Com dois meses de governo, Lula já criava tensão com o mais tradicional parceiro do Brasil, os Estados Unidos, ao autorizar que dois navios de guerra iranianos – uma fragata e um porta-helicópteros – fossem acolhidos no porto do Rio de Janeiro. Washington recomendou que não os acolhesse, argumentando que se tratam de navios que facilitaram o terrorismo e tiveram sanções da ONU. Lula os recebeu às vésperas de visita oficial a Casa Branca. O Irã é parte do “eixo do mal”, segundo o governo americano.

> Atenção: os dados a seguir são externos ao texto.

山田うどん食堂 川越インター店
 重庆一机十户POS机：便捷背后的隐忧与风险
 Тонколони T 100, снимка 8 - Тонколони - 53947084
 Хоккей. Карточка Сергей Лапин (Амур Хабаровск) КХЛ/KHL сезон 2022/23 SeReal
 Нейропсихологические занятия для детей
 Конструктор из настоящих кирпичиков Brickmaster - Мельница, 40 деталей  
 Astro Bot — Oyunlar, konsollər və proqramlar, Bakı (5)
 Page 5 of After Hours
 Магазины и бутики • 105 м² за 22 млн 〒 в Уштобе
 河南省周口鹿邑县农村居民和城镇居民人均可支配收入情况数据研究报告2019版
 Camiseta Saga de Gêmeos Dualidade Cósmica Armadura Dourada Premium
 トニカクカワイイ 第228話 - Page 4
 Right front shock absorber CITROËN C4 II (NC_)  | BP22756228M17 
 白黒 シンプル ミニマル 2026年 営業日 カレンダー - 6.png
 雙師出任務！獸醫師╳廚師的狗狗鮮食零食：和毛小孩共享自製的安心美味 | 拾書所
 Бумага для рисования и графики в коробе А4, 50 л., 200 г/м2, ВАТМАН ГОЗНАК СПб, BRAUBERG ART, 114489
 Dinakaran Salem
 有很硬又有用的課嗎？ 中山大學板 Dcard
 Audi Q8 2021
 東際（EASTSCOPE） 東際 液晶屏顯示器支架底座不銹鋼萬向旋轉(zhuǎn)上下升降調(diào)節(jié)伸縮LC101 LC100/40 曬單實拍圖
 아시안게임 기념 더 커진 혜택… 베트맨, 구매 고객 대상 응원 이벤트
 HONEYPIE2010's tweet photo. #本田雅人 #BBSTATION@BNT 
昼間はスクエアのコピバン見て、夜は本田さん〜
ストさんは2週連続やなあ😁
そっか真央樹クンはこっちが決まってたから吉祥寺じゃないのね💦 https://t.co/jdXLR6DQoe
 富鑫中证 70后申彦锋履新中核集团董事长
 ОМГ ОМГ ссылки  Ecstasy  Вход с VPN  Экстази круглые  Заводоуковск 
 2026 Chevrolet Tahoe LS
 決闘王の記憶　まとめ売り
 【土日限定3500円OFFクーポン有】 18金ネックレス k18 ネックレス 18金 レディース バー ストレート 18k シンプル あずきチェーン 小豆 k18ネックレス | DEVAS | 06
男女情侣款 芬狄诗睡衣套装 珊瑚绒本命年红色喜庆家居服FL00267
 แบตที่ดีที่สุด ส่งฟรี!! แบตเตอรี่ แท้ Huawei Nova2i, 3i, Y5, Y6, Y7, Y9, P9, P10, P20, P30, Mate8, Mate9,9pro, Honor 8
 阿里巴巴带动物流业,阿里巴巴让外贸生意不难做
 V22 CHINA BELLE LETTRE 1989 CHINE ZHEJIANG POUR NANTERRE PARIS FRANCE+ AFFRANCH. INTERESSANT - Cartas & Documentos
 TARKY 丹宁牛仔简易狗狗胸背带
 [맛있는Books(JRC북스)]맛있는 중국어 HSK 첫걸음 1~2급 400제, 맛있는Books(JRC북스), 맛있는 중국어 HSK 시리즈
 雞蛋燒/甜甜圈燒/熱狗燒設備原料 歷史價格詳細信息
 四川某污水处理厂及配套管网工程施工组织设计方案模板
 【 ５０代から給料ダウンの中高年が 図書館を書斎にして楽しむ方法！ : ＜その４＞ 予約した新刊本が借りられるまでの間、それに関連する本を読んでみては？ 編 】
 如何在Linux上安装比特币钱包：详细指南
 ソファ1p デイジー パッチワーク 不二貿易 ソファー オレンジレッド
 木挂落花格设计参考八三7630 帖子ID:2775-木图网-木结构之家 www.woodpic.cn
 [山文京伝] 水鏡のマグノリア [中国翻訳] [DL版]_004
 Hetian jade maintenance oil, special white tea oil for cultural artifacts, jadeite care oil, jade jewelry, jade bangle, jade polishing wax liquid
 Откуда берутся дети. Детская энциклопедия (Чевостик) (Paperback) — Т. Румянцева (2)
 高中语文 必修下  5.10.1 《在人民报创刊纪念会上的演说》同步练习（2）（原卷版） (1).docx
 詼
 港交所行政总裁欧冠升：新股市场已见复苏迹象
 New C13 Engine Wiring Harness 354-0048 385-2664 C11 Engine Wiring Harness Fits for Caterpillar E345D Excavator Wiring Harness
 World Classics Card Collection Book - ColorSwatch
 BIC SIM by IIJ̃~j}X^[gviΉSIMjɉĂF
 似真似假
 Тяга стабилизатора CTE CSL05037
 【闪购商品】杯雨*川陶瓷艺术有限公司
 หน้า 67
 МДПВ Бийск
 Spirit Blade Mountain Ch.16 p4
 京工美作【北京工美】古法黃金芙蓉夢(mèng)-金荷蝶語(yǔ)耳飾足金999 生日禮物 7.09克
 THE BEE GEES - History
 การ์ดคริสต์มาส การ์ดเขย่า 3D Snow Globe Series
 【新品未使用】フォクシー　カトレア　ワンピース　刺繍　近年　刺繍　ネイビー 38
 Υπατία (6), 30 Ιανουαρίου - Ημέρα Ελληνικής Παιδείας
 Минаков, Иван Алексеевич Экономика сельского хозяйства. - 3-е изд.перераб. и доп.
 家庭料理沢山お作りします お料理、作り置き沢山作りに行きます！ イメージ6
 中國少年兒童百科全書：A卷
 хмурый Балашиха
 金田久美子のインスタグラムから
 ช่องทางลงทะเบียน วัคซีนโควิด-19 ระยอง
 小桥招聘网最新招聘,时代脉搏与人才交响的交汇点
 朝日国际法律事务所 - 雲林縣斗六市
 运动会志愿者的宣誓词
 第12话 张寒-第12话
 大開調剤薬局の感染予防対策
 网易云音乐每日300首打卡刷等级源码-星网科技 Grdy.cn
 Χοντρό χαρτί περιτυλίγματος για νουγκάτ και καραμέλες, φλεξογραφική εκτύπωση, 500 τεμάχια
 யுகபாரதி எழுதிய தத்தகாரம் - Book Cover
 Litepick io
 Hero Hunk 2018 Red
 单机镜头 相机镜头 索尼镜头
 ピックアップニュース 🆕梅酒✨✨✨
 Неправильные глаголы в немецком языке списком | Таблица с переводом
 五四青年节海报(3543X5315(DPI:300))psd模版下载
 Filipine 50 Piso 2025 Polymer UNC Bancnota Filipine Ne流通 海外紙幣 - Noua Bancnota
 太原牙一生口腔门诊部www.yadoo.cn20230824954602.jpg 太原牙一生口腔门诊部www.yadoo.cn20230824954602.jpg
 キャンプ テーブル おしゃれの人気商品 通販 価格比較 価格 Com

Lula também contraria os Estados Unidos nas posições em relação a Cuba, Nicarágua e Venezuela.
Em maio, em Brasília, tentou limpar a imagem de Maduro na reunião de Presidentes Sul-Americanos. Falou em democracia relativa e em defesa dos direitos humanos no governo Maduro, irritando até o socialista do Chile, Gabriel Boric. Um mês antes, havia sugerido que a Ucrânia cedesse a Crimeia para acabar com a guerra. Por meia dúzia de vezes defendeu uma governança global para cuidar da Amazônia, arrepiando os nacionalistas brasileiros. Provocou arrepios também nos que prezam a representação popular, ao pregar uma ordem supranacional para cuidar principalmente do clima, para que os acordos e tratados internacionais se imponham a decisões dos congressos nacionais. É a ideia da Nova Ordem Mundial.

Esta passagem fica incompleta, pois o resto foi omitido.